Occorre osservare, tuttavia, che la casistica in materia spesso diventa teatro di astiosi tentativi di screditamento dell’ex coniuge.

In tali casi, la giurisprudenza pare rispondere con estrema fermezza, inquadrando atteggiamenti discriminatori come carenze educative del genitore tali da escludere la condivisione delle responsabilità verso i figli minori, giustificando l’affidamento esclusivo all’altro genitore.

A tal proposito una recente pronuncia (Cass. n. 601/2013)[12], nel confermare l’affidamento esclusivo della prole alla madre convivente con un’altra donna, sostiene che alla base della doglianza del ricorrente non sono poste certezze scientifiche o dati di esperienza, bensì il mero pregiudizio che sia dannoso per l’equilibrato sviluppo del bambino il fatto di vivere in una famiglia incentrata su una coppia omosessuale. In tal modo si dà per scontato ciò che invece è da dimostrare, ossia la dannosità di quel contesto familiare per il bambino, che dunque correttamente la Corte d’appello ha preteso fosse specificamente argomentata”.
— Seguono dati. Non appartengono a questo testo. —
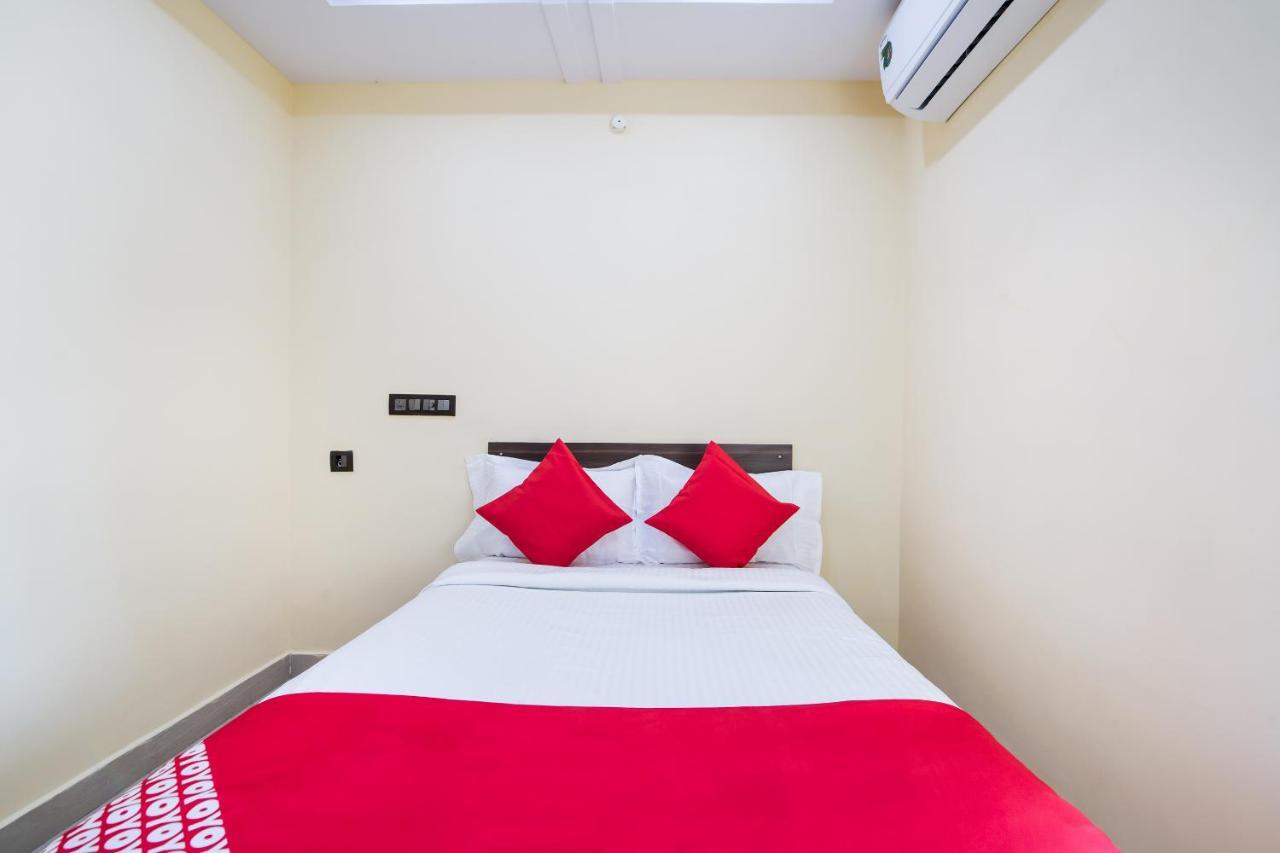 מלון Kurmannapalem Oyo Mohan Residency מראה חיצוני תמונה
Non diversamente, la richiamata sentenza Cass. n. 16593/2008 giustifica la decisione di mantenere l’affidamento esclusivo alla madre sulla base dell’inidoneità del padre alla condivisione dell’esercizio della potestà genitoriale in termini compatibili con la tutela dell’interesse primario del minore, in virtù del comportamento gravemente screditatorio della capacità educativa della madre, adottato dal marito con non provate accuse anche di sue relazioni omosessuali”.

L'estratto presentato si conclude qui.